As organisations become more focused on digitisation for the ability to grow and innovate so an edge over competitors can be obtained. Processes are being continually refined and improved for the strategic initiatives to be executed. Hence aligning business and organisational goals to the projects to achieve this is paramount.

At the helm to achieve these changes is the project manager, assisting in guiding the organisations success with innovation, growth and differentiation. Placing emphasis on project management competency.

Recent research suggests that interpersonal and intrapersonal skills “emotional intelligence (EI)” play a more important role than cognitive intelligence, particularly in determining personal success and engagement of people in the workplace. The following Personal competencies form a basis for predicting a person’s EI (Emotional Intelligence) potential:

  • Identifying emotions
  • Evaluating how others feel
  • Controlling one’s own emotions
  • Perceiving how others feel
  • Using emotions to facilitate social communication
  • Relating to others

It can become frustrating and difficult to understand how team members feel about their work and roles on projects. Engaging team members socially can be a challenge and emotionally demanding for project managers, the truth is that many project managers struggle with the social and emotional dimensions of managing the human component of projects. Failure to recognize and improve upon emotional intelligence shortcomings dramatically increases the risk of a project manager failing in their career.

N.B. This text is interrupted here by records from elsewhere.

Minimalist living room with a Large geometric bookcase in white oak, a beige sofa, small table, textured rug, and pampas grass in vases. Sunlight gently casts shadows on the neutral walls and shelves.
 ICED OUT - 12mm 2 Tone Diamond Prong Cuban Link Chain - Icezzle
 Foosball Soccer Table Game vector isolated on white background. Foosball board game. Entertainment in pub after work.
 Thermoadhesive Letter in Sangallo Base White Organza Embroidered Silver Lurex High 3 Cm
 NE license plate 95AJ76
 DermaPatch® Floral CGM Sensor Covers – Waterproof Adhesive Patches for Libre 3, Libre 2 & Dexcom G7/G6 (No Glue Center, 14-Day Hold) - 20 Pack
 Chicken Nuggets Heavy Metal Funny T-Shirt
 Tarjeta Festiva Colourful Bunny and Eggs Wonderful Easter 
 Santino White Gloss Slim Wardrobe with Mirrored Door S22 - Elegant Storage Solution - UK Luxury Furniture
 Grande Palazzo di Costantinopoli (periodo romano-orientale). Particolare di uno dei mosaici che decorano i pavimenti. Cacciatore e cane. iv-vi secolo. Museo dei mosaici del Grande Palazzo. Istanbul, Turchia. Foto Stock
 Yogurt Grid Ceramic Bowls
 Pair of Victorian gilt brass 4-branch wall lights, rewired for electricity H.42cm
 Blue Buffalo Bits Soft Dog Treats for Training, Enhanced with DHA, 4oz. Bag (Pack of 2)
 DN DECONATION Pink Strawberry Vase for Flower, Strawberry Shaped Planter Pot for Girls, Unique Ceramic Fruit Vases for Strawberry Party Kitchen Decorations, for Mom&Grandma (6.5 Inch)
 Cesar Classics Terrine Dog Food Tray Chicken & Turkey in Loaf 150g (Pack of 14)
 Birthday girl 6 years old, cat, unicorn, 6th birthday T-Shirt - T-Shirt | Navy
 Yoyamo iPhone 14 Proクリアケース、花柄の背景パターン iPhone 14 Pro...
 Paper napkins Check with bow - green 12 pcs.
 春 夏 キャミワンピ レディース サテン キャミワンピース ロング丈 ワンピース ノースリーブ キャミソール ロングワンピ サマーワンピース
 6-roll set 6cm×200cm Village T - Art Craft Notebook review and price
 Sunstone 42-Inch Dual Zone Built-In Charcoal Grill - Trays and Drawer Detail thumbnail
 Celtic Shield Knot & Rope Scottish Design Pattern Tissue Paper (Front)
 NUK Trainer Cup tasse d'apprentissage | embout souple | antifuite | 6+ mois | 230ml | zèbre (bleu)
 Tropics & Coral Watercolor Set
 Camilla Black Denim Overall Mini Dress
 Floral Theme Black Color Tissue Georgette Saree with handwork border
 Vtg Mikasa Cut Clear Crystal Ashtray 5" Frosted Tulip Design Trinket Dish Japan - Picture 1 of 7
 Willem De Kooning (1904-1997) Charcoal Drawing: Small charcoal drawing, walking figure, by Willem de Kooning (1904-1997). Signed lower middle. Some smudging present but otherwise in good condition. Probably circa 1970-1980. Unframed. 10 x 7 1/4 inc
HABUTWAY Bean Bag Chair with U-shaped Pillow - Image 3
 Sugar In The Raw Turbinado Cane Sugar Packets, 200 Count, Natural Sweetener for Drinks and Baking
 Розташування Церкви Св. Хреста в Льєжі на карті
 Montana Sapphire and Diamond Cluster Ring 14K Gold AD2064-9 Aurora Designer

Signs that emotional intelligence is at risk and needs honing, include:

  • Lack of empathy for others
  • Inability to control ones temper or emotions
  • Refusing to acknowledge others’ points of view
  • Transferring blame and the inability to take responsibility for actions

Conversely, the following are a few signs of having high emotional intelligence:

The Project Manager:

  • Are very curious
  • Have exemplary leadership skills
  • Are in tune with their own strengths and weaknesses.
  • Make helping others a priority
  • Are adept at understanding facial cues and expressions.
  • Are an excellent judge of character

Regardless of where the project manager falls on the Emotional intelligence spectrum, there’s good news. There are many options and resources available for working to increase Emotional Intelligence.

Once it is understood where in the EI spectrum the project manager is located, there is an opportunity to hone Leadership style around areas that may need attention.

An Emotionally Intelligent Leadership style will allow not only to make assignments based on the unique personalities, goals, and backgrounds of team members possess, but to understand, connect and communicate on new levels.

This progression will foster professional growth, trust and understanding and greatly enhance interpersonal success and engagement while mitigating the risk of becoming a mundane project manager.